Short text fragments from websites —

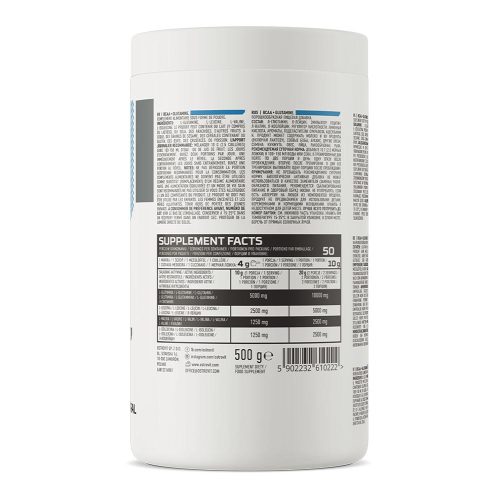OstroVit BCAA + Glutamine (500 g, Natúr)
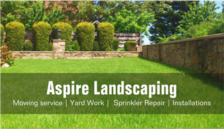 Logo for Aspire Landscaping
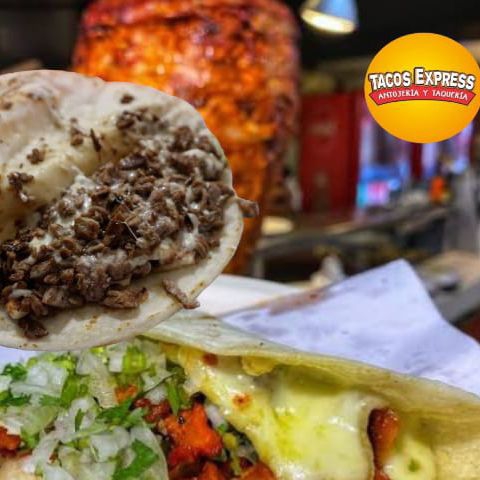 Combo 1 gringa + 1 suiza + horchata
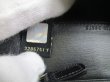 Photo11: BVLGARI Black Leather Logo Clip Gold H/W Flap Long Wallet #a766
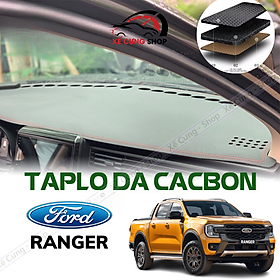 Thảm phủ taplo xe Ford Ranger 2023,XLS 2018-2022,XLT-2015-2022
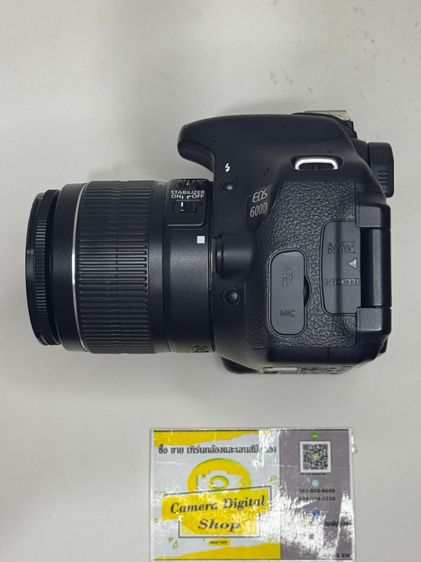 Canon EOS 600D + Lens Canon 18-55mm F3.5-5.6 IS II รูปที่ 6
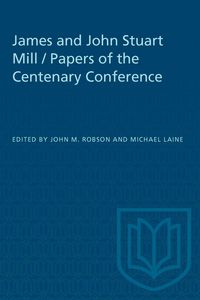 Produktbild: James and John Stuart Mill / Papers of the Centenary Conference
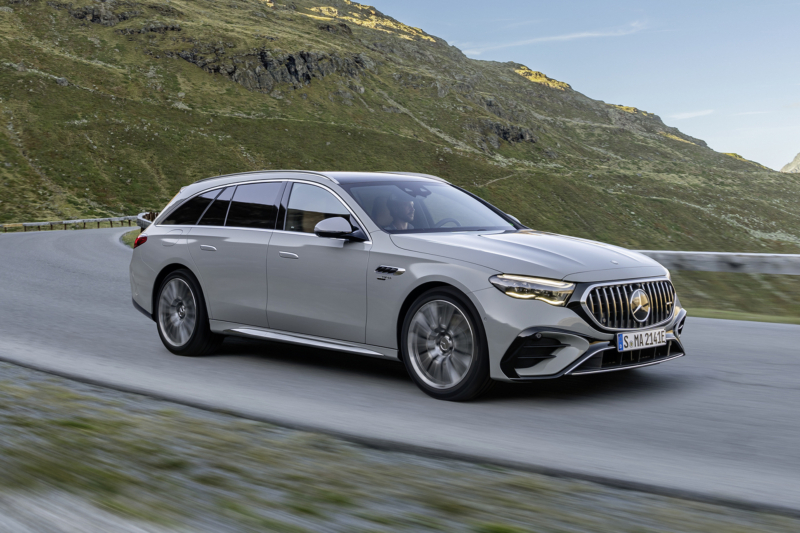 Family Flyer Coming to US: Introducing the 2026 Mercedes-AMG E53 Wagon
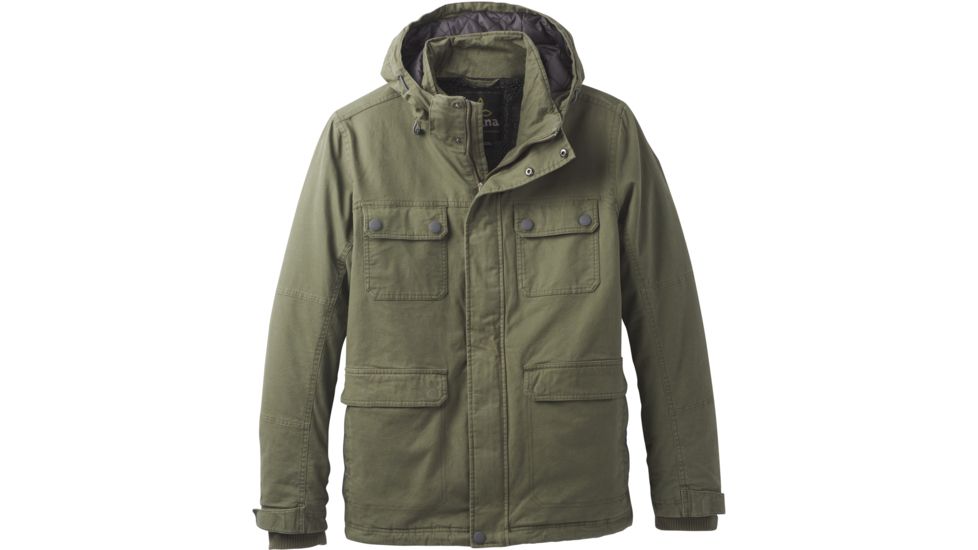 prAna Bronson Towne Jacket - Men's, Cargo Green, Large, M23170358-CAGR-L
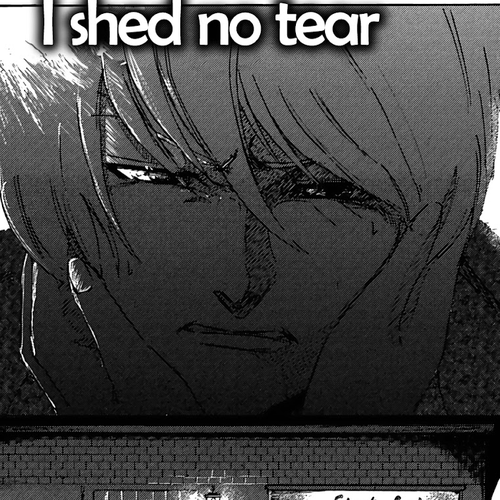 Toudoku ni ita Chapter 3: I shed no tear cover
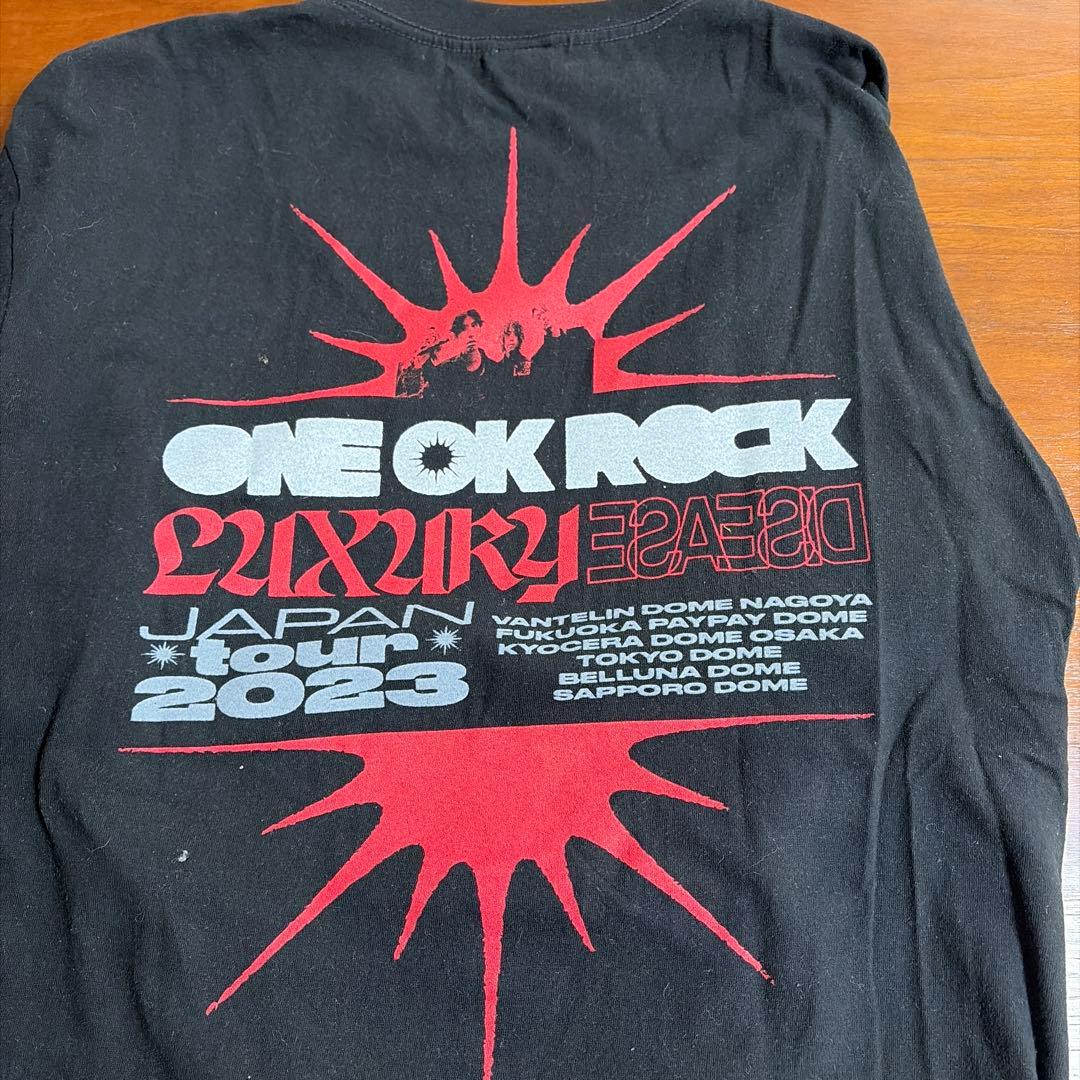 ONE OK ROCK luxury desease Japan tourロンT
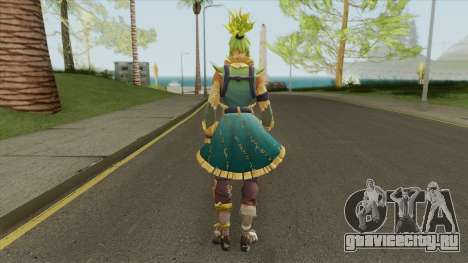 Strawops (Scarecrow Girl) From Fortnite для GTA San Andreas
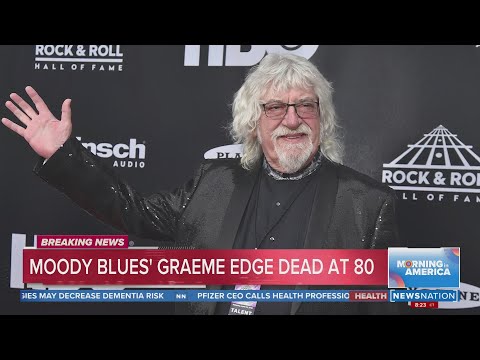Moody Blues drummer, co-founder Graeme Edge dead at 80 | Morning in America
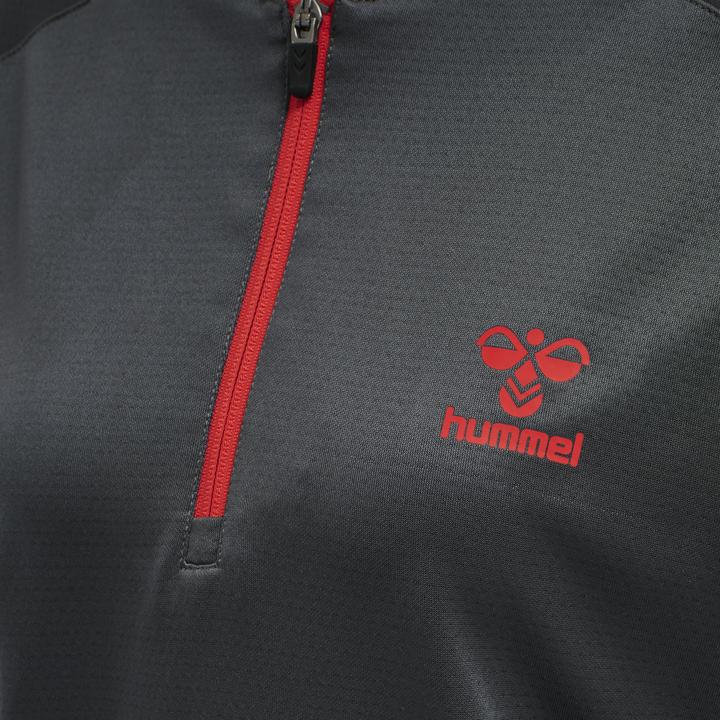 Image du produit hummel Action Poly Demi-Zip Sweat Femme (XL)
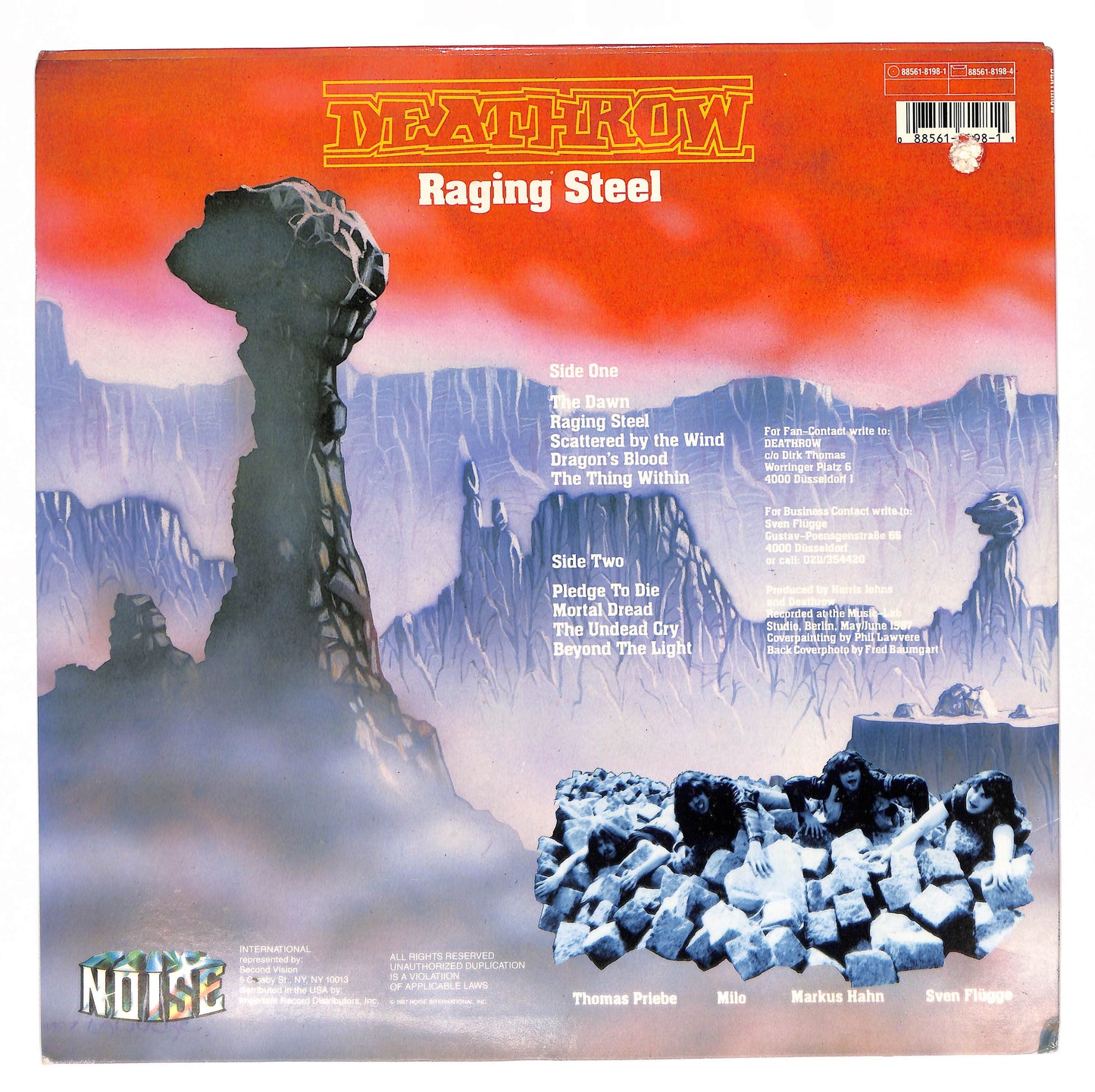 Raging Steel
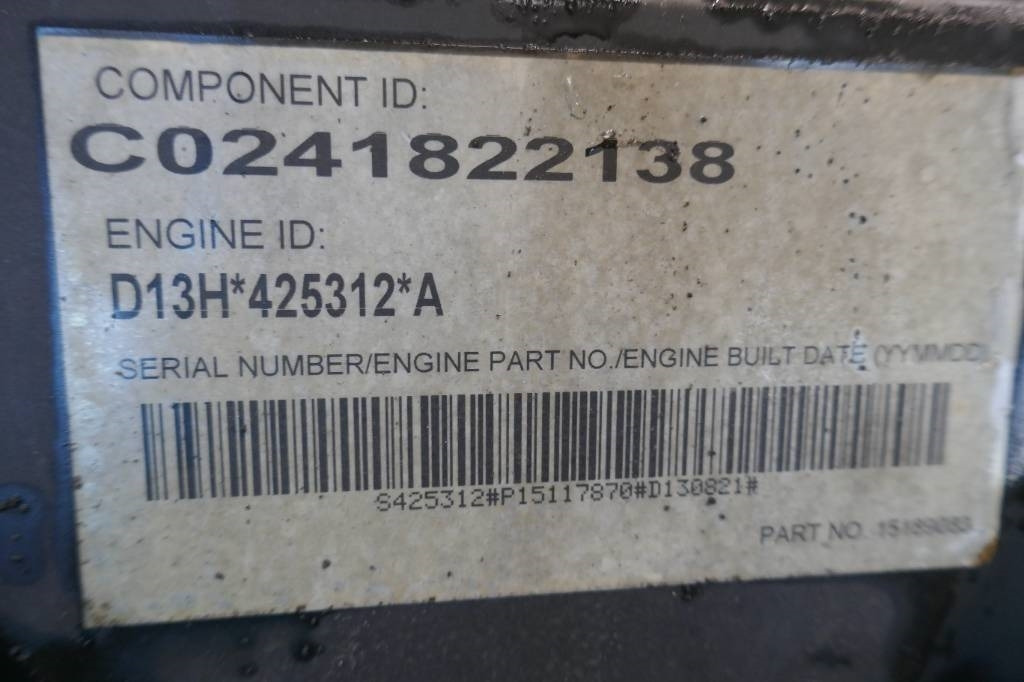 Volvo D13 H, L250G - Двигатель для Строительной техники: фото 5 Volvo D13 H, L250G - Двигатель для Строительной техники: фото 5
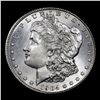Image 2 : *Highlight Of Entire Auction* 1904-s Morgan Dollar $1 Graded GEM+ Unc By USCG (fc)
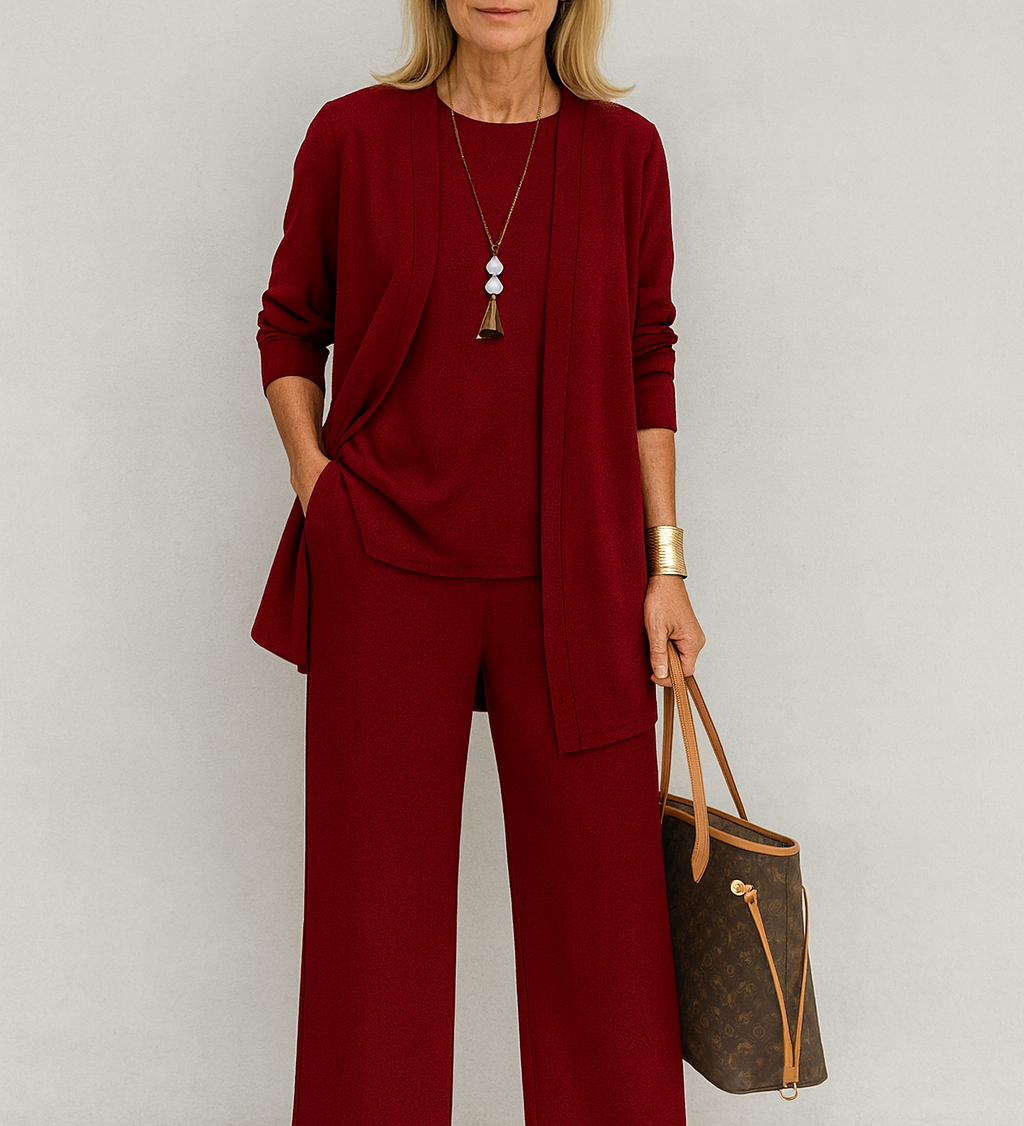 Set Bianca 2 pezzi + Cardigan in regalo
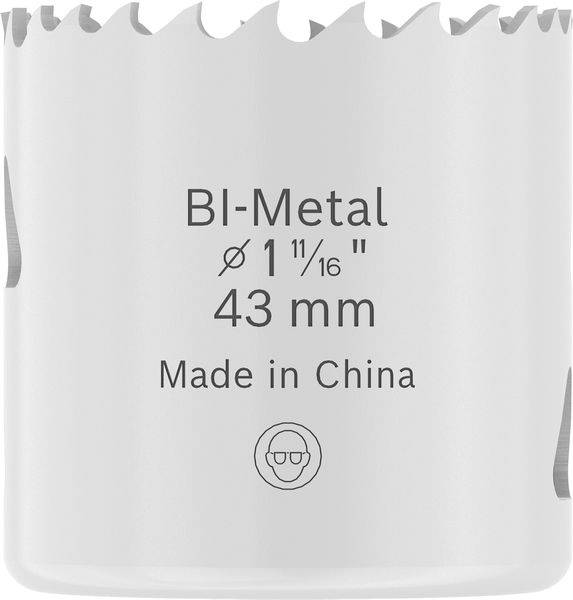 Bosch Accessories 2608594577 2608594577 Lochsäge 43mm 1St.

Exercise aim — Output a verbatim copy of the entries and skip the pictures.

Response to this task —
OstroVit BCAA + Glutamine (500 g, Natúr)
 Logo for Aspire Landscaping
 Combo 1 gringa + 1 suiza + horchata
 Photo11: BVLGARI Black Leather Logo Clip Gold H/W Flap Long Wallet #a766
 Thảm phủ taplo xe Ford Ranger 2023,XLS 2018-2022,XLT-2015-2022
 Canon EOS 600D + Lens Canon 18-55mm F3.5-5.6 IS II รูปที่ 6
 Produktbild: James and John Stuart Mill / Papers of the Centenary Conference
 Family Flyer Coming to US: Introducing the 2026 Mercedes-AMG E53 Wagon
 prAna Bronson Towne Jacket - Men's, Cargo Green, Large, M23170358-CAGR-L
 Toudoku ni ita Chapter 3: I shed no tear cover
 ONE OK ROCK luxury desease Japan tourロンT
 Strawops (Scarecrow Girl) From Fortnite для GTA San Andreas
Moody Blues drummer, co-founder Graeme Edge dead at 80 | Morning in America
 Image du produit hummel Action Poly Demi-Zip Sweat Femme (XL)
 Raging Steel
 Volvo D13 H, L250G - Двигатель для Строительной техники: фото 5 Volvo D13 H, L250G - Двигатель для Строительной техники: фото 5
Image 2 : *Highlight Of Entire Auction* 1904-s Morgan Dollar $1 Graded GEM+ Unc By USCG (fc)
 Set Bianca 2 pezzi + Cardigan in regalo
 Bosch Accessories 2608594577 2608594577 Lochsäge 43mm 1St.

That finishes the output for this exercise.